As for Noah, after a fun week at YaYa’s house, he was casting around trying to remember how to amuse himself when he’s not at school or doing homework all the time. He said he was bored frequently, but he had some interesting projects going: a web site about his travels around West Virginia with YaYa  (they took a lot of road trips), a CD he and June are making of themselves singing, a mystery story they’re writing together along with the script for a movie that’s going to star the Playmobil castle people. I reminded him he has a lot of toys and kits from his birthday and even Christmas he’s never opened so last week  he spent a good bit of one afternoon on the porch breaking open geodes with a hammer.  He spent last Friday at Beth’s office doing data entry for her. (His summer drum lessons started today. It will be good for him to have at least that much structure.)

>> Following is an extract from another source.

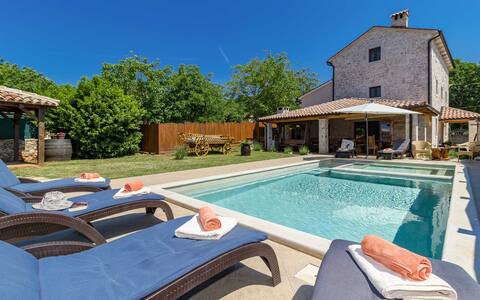 Luxury Villa, Heated Pool with a Whirlpool.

We also went on couple short family road trips.  Beth and June spent a weekend camping in Western Maryland after they delivered Noah to YaYa. I stayed at home. It was the first time I’d been apart from Beth and the kids overnight since I went to visit my father when he was dying two and a half years ago and the only time I’ve been alone in my own house overnight since Noah was born. I read and gardened and cleaned the house and had dinner at a restaurant alone.  It was a strange feeling, good and bad at the same time.  The next weekend, Beth, and June and I met YaYa and Noah near Blackwater Falls and spent the night.  We stayed at a lodge, and enjoyed one of the hiking trails, and the swimming pool and the falls themselves.

The garden became more established shortly before the power outage, which ended up being a good thing when the power went out because we could eat out of it, at least a little—tomatoes, basil, cucumbers and broccoli are all edible.  We finally planted lettuce and carrots several weeks ago and they are coming up, though too small to pick. There’s also a cute little yellow pumpkin the size of an apricot. We’re having more trouble with flowers than we usually do.  The sunflowers and zinnias for the most part either didn’t germinate or were eaten by slugs or died after being transplanted to the garden right before the first heat wave of the summer a couple week ago.  Not a single sunflower and only two zinnias survived out of around forty seeds planted. We do have some black-eyed Susans and bachelor buttons in the flower bed.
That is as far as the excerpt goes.